Jack Leightcap / Work

A page to frame the resume and linkedin. (See here and the bio for the extent of writing directly about me.) In brief: I work towards engineering, documenting, and presenting solutions to problems of computer hardware/software and research/engineering.

See my technical writing, my presentations, my personal repositories and GitHub.

Research

Sabbatical (2024-)
Update to come.
DARPA SIEVE (2022-2024)
Joined an internal Trail of Bits team at the midpoint of DARPA's Securing Information for Encrypted Verification and Evaluation (SIEVE) program. Executed a proposal for generating zero-knowledge proofs about "real world" program execution at the granularity of machine code.
Developed proofs (and their caveats) in zero-knowledge for exploits in Linux userspace: libc heap corruption, log4shell under JVM interpreter.
Developed an entirely combinational model of (a limited subset of) x86-64 machine code, first as delicate work with Verilog then transitioned to compiling from Haskell. Wrote Haskell for circuits modelling linux syscalls and libc memory side-effects.
Solved problems of esoteric compiler and build system engineering: using Nix to emulate an intricate OpenJDK cross compile, developing an (ill-fated) LLVM backend, used to compile "recursively" dependencies along with their program.
Developed appropriately sized tasks and onboarded students, fall 2023 and summer 2024.
Program notices: program announcement, first phase results and second phase announcement, DARPA contract
Lutron ElectronicsJPZ0138 (2021)

Engineering

Hardware & Software
Embedded systems. wrote software constrained by power, scheduling, interrupt latency, and flash memory wear protection for an embedded sensor (pictured above).
Computer architecture. need to write more about ASIC designs (pictured further above).
Open Source
Supply chain security. worked on the sigstore project at Trail of Bits, learning the idea and implementation in the last few percent of the Python coverage tests, pushing a Rust implementation to parity through the pains of compiling to Rust.
Build systems. need to write more about uses of Nix.
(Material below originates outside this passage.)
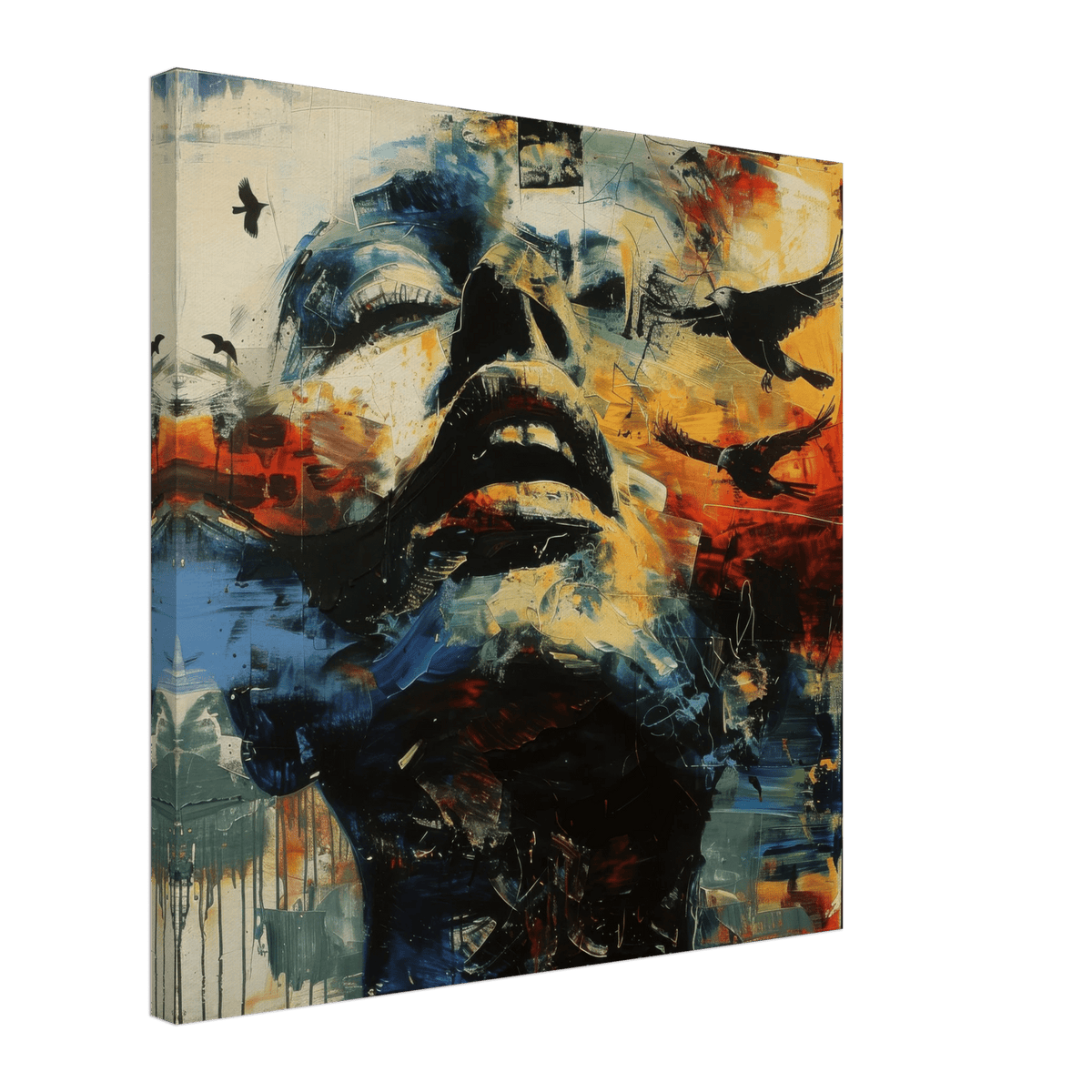 Expresionism man ruling the world according to a 4 - Shop Ai Art WebShop - Digital Art online Store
Education & Pre-Profession

In college I came to electrical engineering courses expecting a very applied math degree, but instead found second-hand programming explanations. My first proper programming course was a use of Racket by the incredible force of Olin Shivers, who perfectly transmitted the kind of computational essence of the lambda calculus. A lot of what I enjoyed and attributed solely to math—reasoning through complex and creative interactions from designing a simple set of rules—was almost the core idea of computation presented to me. I spent most the following summer in a beautiful Victorian Gothic Revival library at Cambridge, finding Shannon, Turing, Church, McCarthy, to the neglect of the Shakespeare assignmets I was there to actually do.

I graduated from Northeastern University with a degree in electrical and computer engineering, in order of my slide in focus. I used my electives to take Ben Lerner's compilers course, microprocessor-based design, hardware & systems security, and theory of computation.